** YOUR GOAL **
Please write out exactly the lines of the data below from the line holding "Can I get a" through the line holding "Department Dermatology Verruca", and leave out the rest.

* * * *

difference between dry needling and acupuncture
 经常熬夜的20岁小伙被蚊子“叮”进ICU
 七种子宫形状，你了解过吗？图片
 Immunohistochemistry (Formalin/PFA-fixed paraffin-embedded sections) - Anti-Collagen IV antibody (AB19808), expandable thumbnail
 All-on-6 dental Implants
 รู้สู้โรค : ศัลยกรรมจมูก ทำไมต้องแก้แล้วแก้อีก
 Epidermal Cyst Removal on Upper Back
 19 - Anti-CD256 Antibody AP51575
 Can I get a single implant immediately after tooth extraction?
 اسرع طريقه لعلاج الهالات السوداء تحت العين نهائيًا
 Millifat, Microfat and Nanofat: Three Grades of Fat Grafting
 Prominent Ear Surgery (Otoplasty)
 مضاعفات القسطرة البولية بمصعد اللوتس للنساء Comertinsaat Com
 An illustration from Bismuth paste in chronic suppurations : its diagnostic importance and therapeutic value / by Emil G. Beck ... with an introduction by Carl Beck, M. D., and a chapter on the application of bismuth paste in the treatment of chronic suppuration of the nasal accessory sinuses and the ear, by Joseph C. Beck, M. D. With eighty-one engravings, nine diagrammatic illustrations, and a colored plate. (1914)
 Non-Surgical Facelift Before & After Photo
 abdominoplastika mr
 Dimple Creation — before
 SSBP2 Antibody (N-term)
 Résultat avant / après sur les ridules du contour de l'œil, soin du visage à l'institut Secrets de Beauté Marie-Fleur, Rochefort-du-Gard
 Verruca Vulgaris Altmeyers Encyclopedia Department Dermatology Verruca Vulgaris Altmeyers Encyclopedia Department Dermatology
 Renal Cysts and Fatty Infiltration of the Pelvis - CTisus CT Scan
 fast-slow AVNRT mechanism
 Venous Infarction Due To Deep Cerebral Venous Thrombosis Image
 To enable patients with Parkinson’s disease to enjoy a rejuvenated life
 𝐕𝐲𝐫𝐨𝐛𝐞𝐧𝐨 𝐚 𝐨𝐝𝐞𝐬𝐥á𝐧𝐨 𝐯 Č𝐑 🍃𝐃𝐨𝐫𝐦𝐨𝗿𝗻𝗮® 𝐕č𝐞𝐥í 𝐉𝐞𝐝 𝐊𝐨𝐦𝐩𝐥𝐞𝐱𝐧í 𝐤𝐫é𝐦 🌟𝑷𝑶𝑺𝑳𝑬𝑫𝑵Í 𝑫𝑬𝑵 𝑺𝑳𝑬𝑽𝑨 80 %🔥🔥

* * * *

** SOLUTION **
 Can I get a single implant immediately after tooth extraction?
 اسرع طريقه لعلاج الهالات السوداء تحت العين نهائيًا
 Millifat, Microfat and Nanofat: Three Grades of Fat Grafting
 Prominent Ear Surgery (Otoplasty)
 مضاعفات القسطرة البولية بمصعد اللوتس للنساء Comertinsaat Com
 An illustration from Bismuth paste in chronic suppurations : its diagnostic importance and therapeutic value / by Emil G. Beck ... with an introduction by Carl Beck, M. D., and a chapter on the application of bismuth paste in the treatment of chronic suppuration of the nasal accessory sinuses and the ear, by Joseph C. Beck, M. D. With eighty-one engravings, nine diagrammatic illustrations, and a colored plate. (1914)
 Non-Surgical Facelift Before & After Photo
 abdominoplastika mr
 Dimple Creation — before
 SSBP2 Antibody (N-term)
 Résultat avant / après sur les ridules du contour de l'œil, soin du visage à l'institut Secrets de Beauté Marie-Fleur, Rochefort-du-Gard
 Verruca Vulgaris Altmeyers Encyclopedia Department Dermatology Verruca Vulgaris Altmeyers Encyclopedia Department Dermatology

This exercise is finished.